Faculty Affiliates
Nora Berenstain, Ph.D., is Professor of Philosophy, core faculty in Women’s, Gender, and Sexuality Studies, and co-director of the Intersectionality Community of Scholars at the University of Tennessee. Her work spans metaphysics of science, feminist epistemology, and social & political philosophy. In addition to publishing on ‘traditional’ philosophy of science topics like the relationship between mathematics and the physical world, she engages with critiques more commonly found in Science Studies, like how purportedly neutral contemporary theories of biological race realism are forged in the fire of scientific racism. She studies tools of epistemic oppression, like structural gaslighting and epistemic exploitation. And she thinks about epistemologies in terms of their functions—what structures they uphold and whose power they support.
Jenny Dyck Brian, Ph.D., is a bioethicist and science and technology studies (STS) scholar whose work interrogates the intersection of science, business, ethics and policy. With long-time collaborator Patrick Grzanka and Emily Mann, she's working on a long-term research project on long-acting reversible contraceptives (LARC).
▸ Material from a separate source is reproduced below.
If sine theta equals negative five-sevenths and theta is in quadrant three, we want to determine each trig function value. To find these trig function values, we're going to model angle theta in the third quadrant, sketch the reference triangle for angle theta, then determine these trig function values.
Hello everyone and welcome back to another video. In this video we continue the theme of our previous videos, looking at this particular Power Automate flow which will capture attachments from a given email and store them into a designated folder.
At Barrett, the Honors College at Arizona State University, she teaches classes such as Queer Bioethics and Science, Social Justice and Activism. An award-winning teacher and mentor, she is also faculty advisor to ASU’s champion Ethics Bowl team.
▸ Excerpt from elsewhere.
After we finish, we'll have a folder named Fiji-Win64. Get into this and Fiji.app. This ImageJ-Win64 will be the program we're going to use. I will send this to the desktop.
Kirsten A. Gonzalez, Ph.D., [she, her, hers] is an associate professor of psychology, core faculty member in women, gender, and sexuality studies, and Latin American & Caribbean studies at the University of Tennessee, Knoxville (UTK). Her scholarship focuses broadly on the psychological well-being of LGBTQ+ People of Color, including experiences of belonging and community connection and the impact of sociopolitical events on the well-being of people across race/ethnicity, gender identity, and sexual orientation. She focuses on the intersection of Latinx and LGBTQ+ identities and migration experiences of Latinx community members. A third line of her scholarship is focused on allyship and social justice advocacy. As a licensed psychologist, she teaches cognitive assessment, foundations in counseling psychology, multicultural psychology, and provides clinical supervision to counseling psychology doctoral students at UTK.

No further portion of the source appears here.